Friday, October 10, 2014

Seattle, Tacoma Ports Announce Strategic Alliance

By Mark Edward Nero

The Seattle and Tacoma ports said Oct. 7 that they plan to unify the management of their marine cargo terminals and related functions under a single seaport alliance, with the goal being to strengthen the Puget Sound gateway and attract more marine cargo for the region.

The alliance is to manage marine cargo terminal investments and operations, planning and marketing, while the individual port commissions retain their existing governance structures and ownership of assets.

The ports say the level of cooperation between the state’s two largest container ports, which is unprecedented, is a strategic response to the competitive pressures that are reshaping the global shipping industry.

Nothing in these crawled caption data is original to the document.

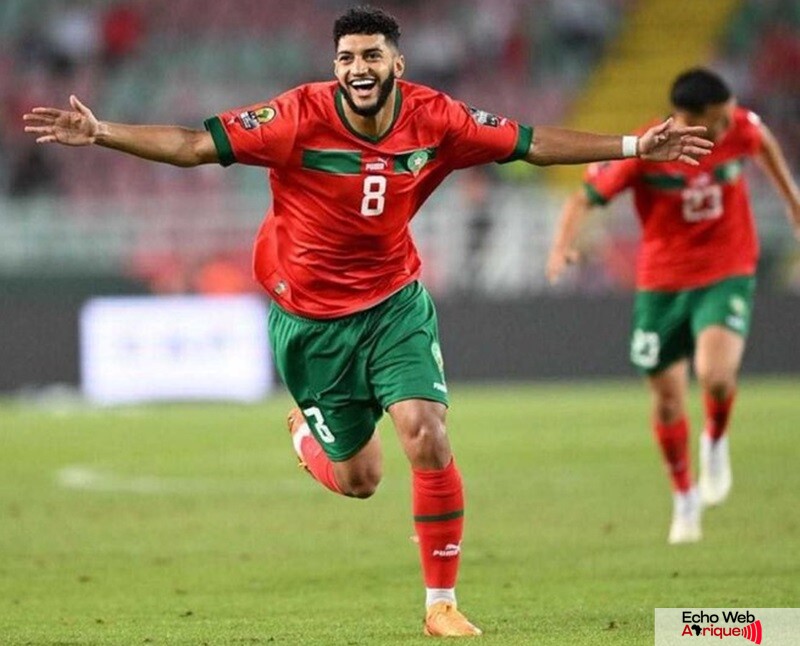 JO 2024 : La liste du Maroc pour la compétition avec Hakimi !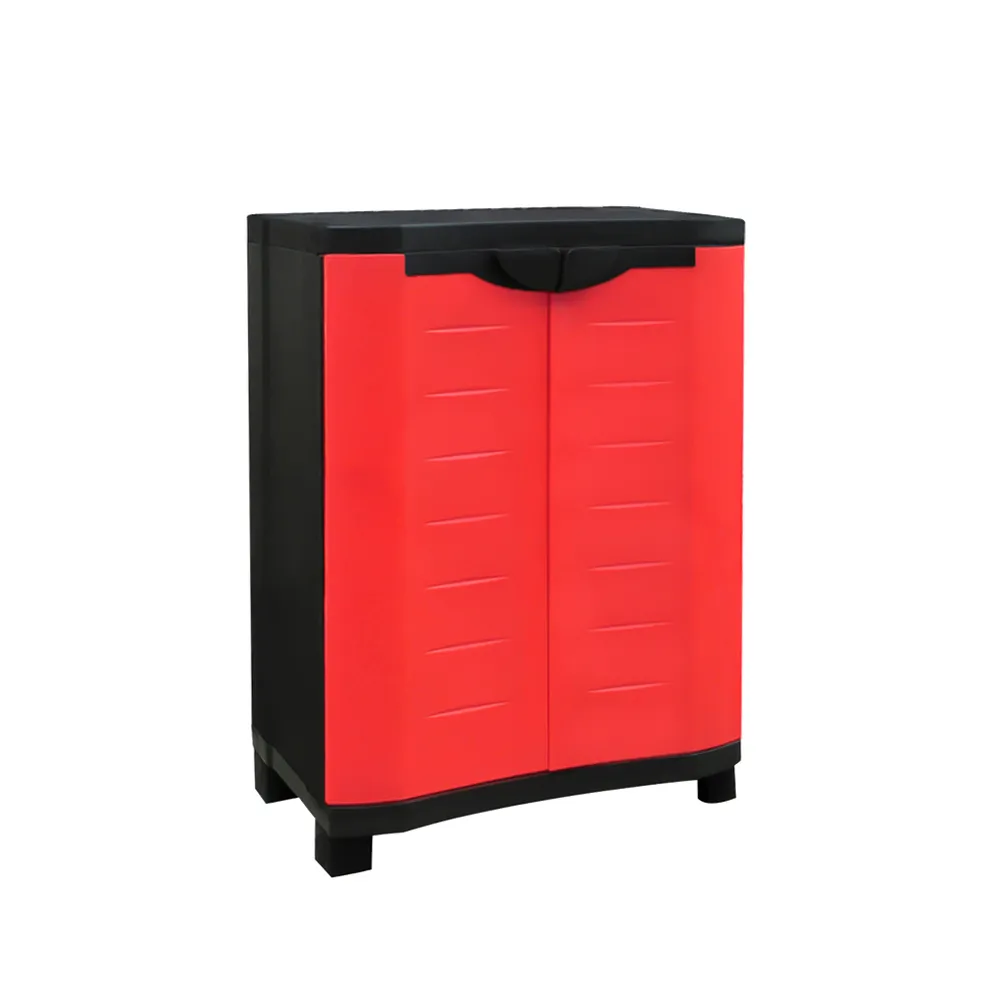 ARMOIRE TEXAS PM  Rouge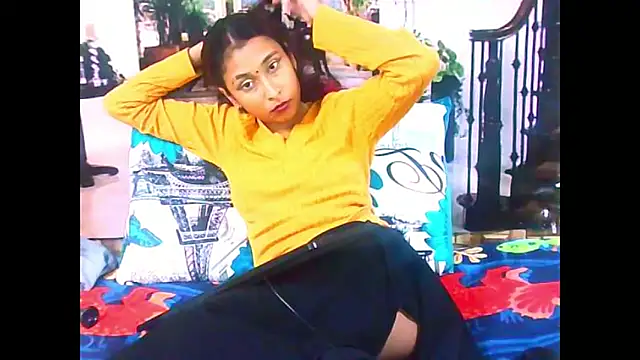 IndianSexyButt's Live XXX Chat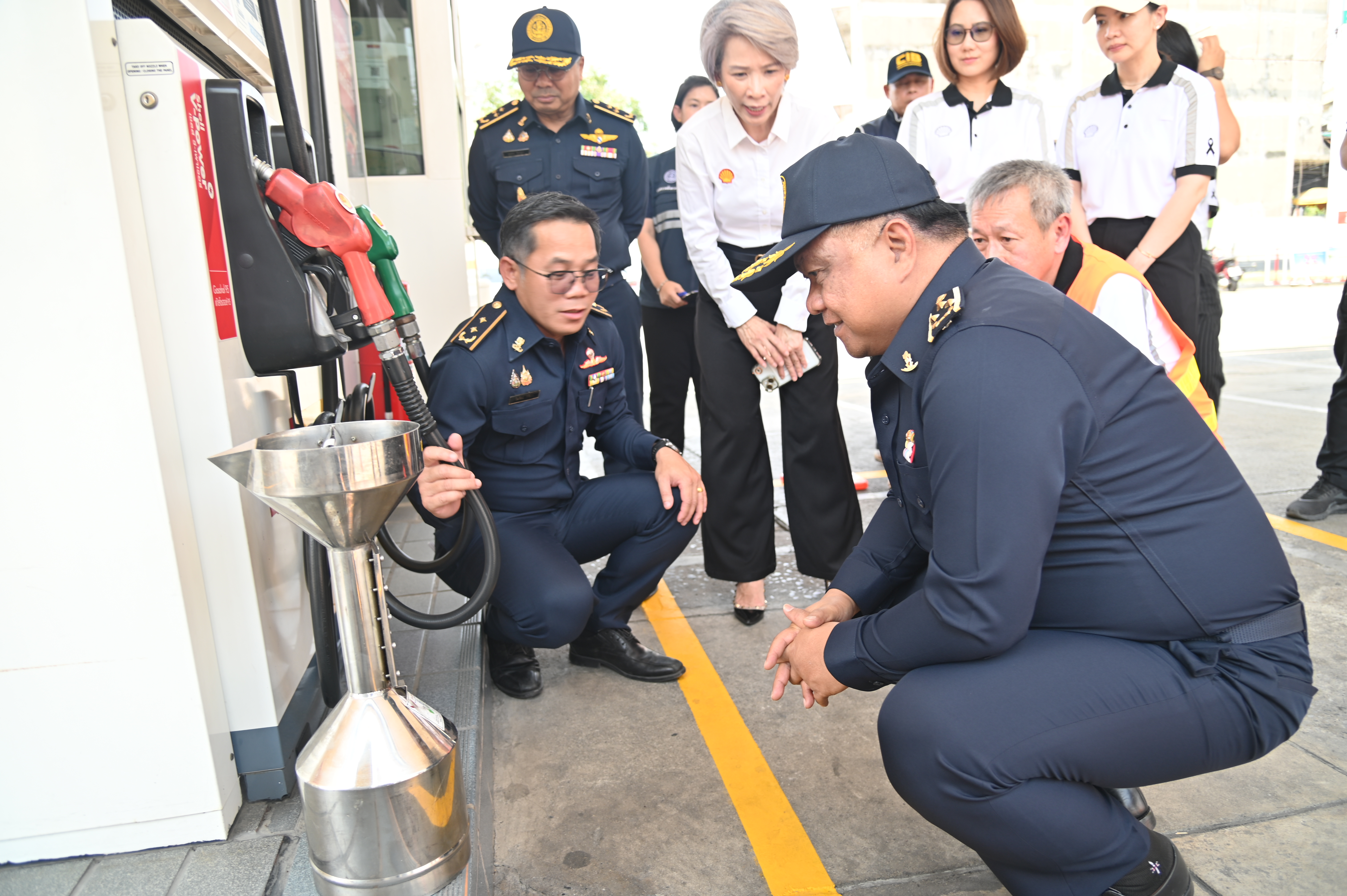 DIT ลงพื้นที่ตรวจสอบรักษาความเป็นธรรมทางการค้า ช่วงเทศกาลสงกรานต์ 2569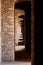 The incredible Magic Arches in Mineral de Pozos, Guanajuato, originally built by the Jesuits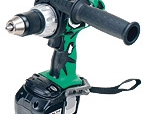 Test sui trapani cordless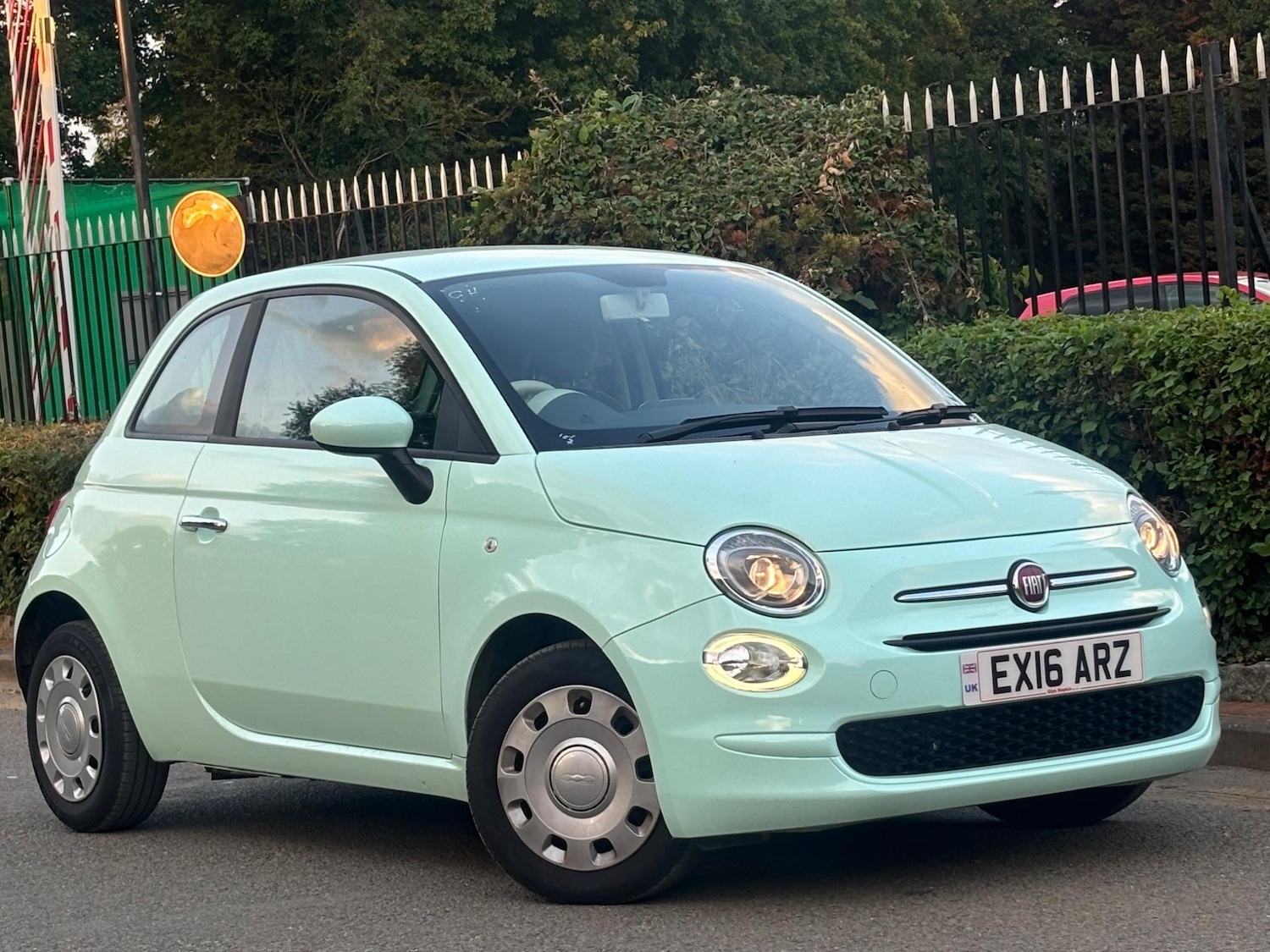 Used Fiat 500 2016 for sale - 76122462: Photo 2
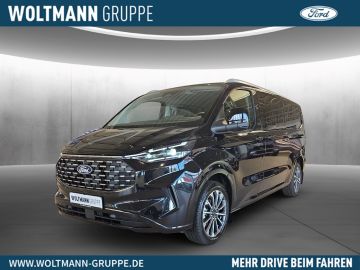 Ford Leasingangebot: Ford Tourneo Custom Titanium X L2 GJR AHK-el. klappb.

“The ports of Seattle and Tacoma face fierce competition from ports throughout North America, as shipping lines form alliances, share space on ever-larger vessels and call at consolidated terminals at fewer ports,” Port of Tacoma Commission President Clare Petrich said. “Working together, we can better focus on financially sustainable business models that support customer success and ensure our ability to reinvest in terminal assets and infrastructure.”

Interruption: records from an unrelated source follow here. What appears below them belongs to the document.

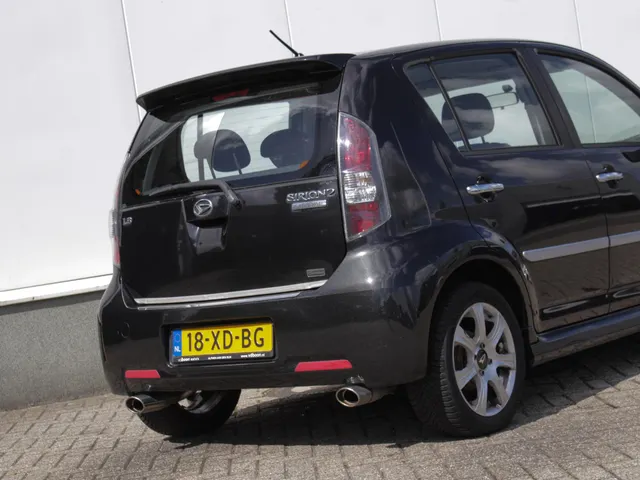 Daihatsu Sirion 2 1.3-16V Comfort | Airco | Lm-Velgen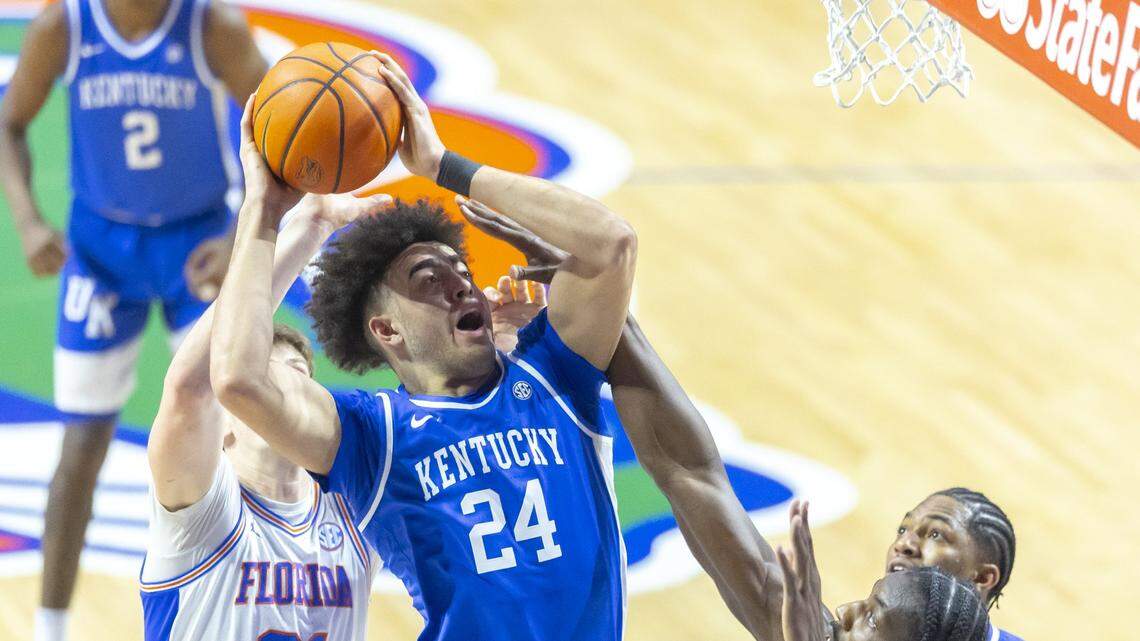 How Kentucky matches up vs. Santa Clara in NCAA tourney — with a game prediction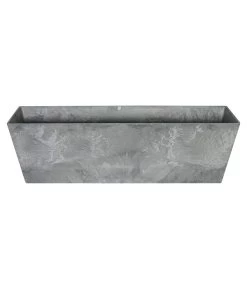 Artstone Kunststoff Blumenkasten Ella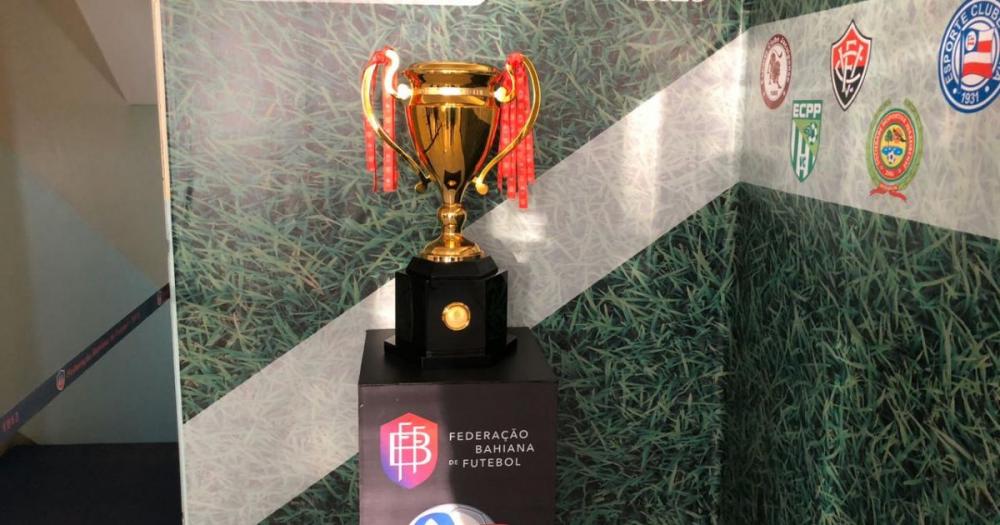 FBF divulga datas das finais do Campeonato Baiano entre Bahia e Atlético de Alagoinhas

Taken together, marine cargo operations at both ports support over 48,000 jobs across the region.
“Where we were once rivals, we now intend to be partners,” Port of Seattle Commission Co-President Stephanie Bowman said. “Instead of competing against one another, we are combining our strengths to create the strongest maritime gateway in North America.”

The alliance is the outgrowth of talks that began in January and were held with permission from the Federal Maritime Commission, the agency responsible for regulating the U.S. international ocean transportation system.

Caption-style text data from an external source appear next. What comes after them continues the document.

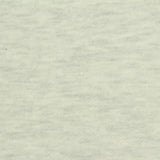 Light Grey Marl French Terry, Poly-Cotton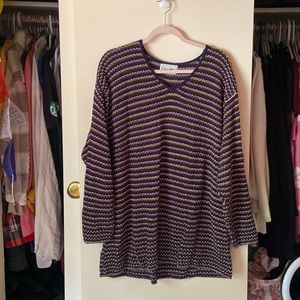 Oversized Men’s Sweater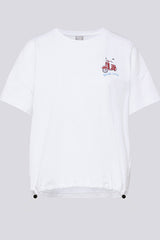 MINIMAL GRAPHIC T-SHIRT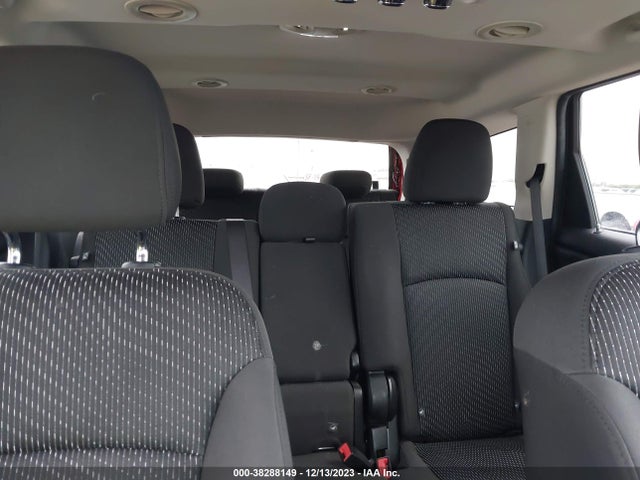 Dodge Journey Crossroad 2017 3C4PDCGG3HT613929 Image 8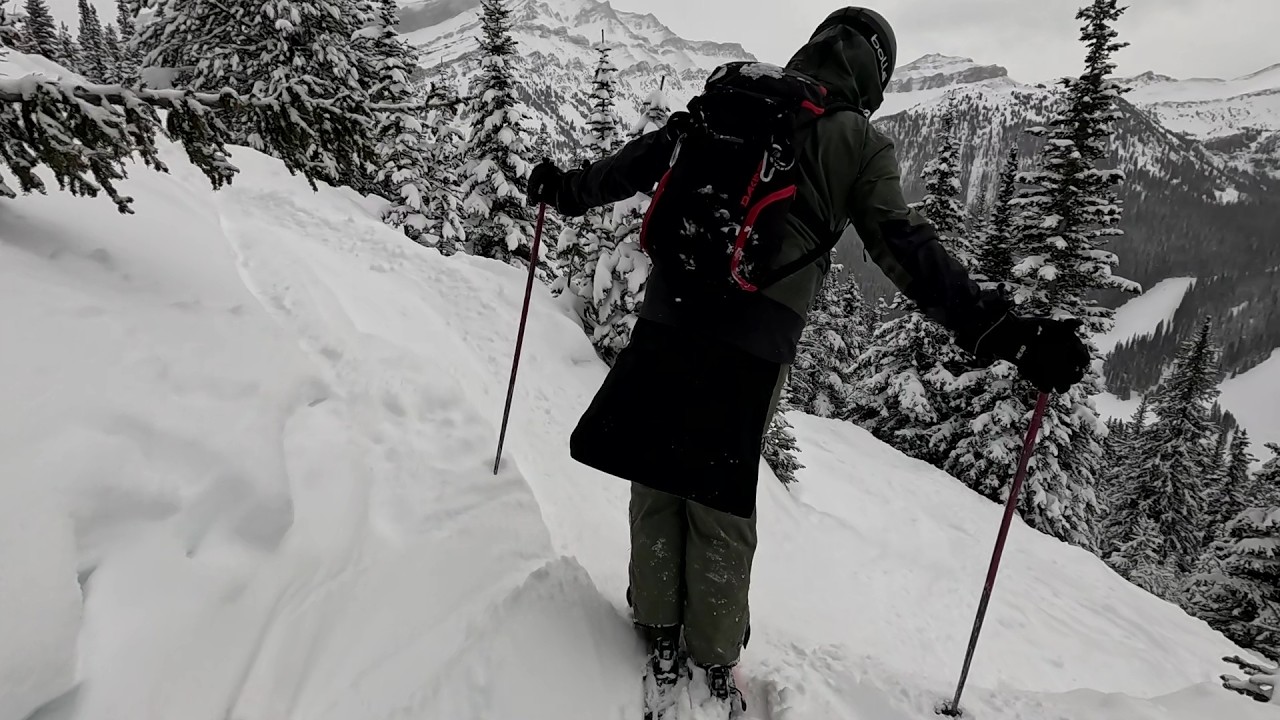 2026 03 09 Lake Louise (photos Jerzy et les sous bois)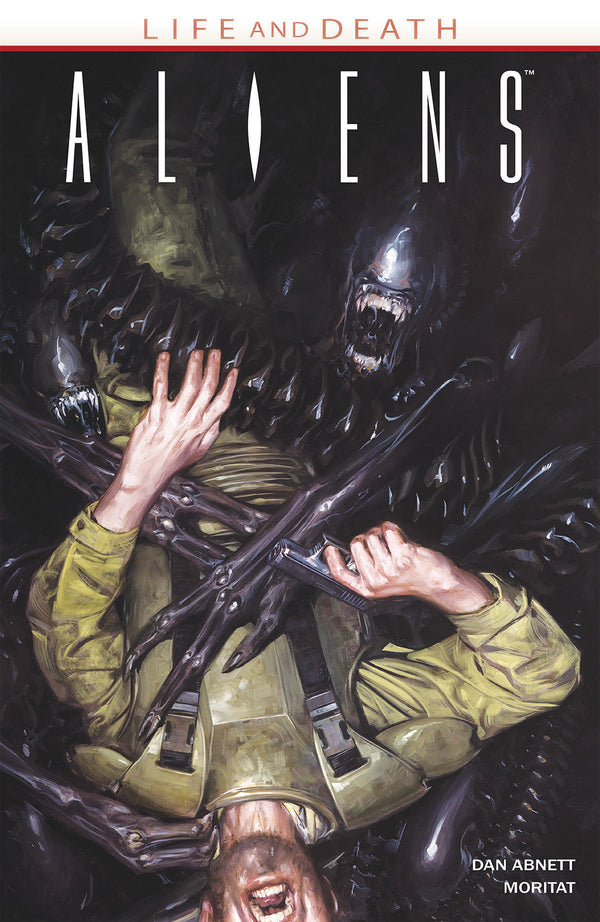 ALIENS LIFE AND DEATH TP (C: 0-1-2)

Subject to further FMC review and approval, the two port commissions plan to enter into an interlocal agreement, which is intended to provide a framework for a period of due diligence to examine business objectives, strategic marine terminal investments, financial returns, performance metrics, organizational structure and more.

The two commissions expect to formally adopt and move to submit the interlocal agreement to the FMC at a joint public meeting Oct. 14. A more detailed agreement for the alliance is expected to be submitted by the commissions to the FMC by the end of March 2015.

During the due diligence period, Port of Tacoma CEO John Wolfe and Port of Seattle Deputy CEO Kurt Beckett are to co-lead the planning work and coordinate with both port commissions; Wolfe is expected to be hired as the alliance’s CEO next spring following the FMC’s approval of the agreement.

The ports say that citizen and stakeholder public review of the alliance proposal will be undertaken throughout the due diligence period and that information about public meetings, how to submit written comments and other related news will be posted on both ports’ websites in the future as warranted.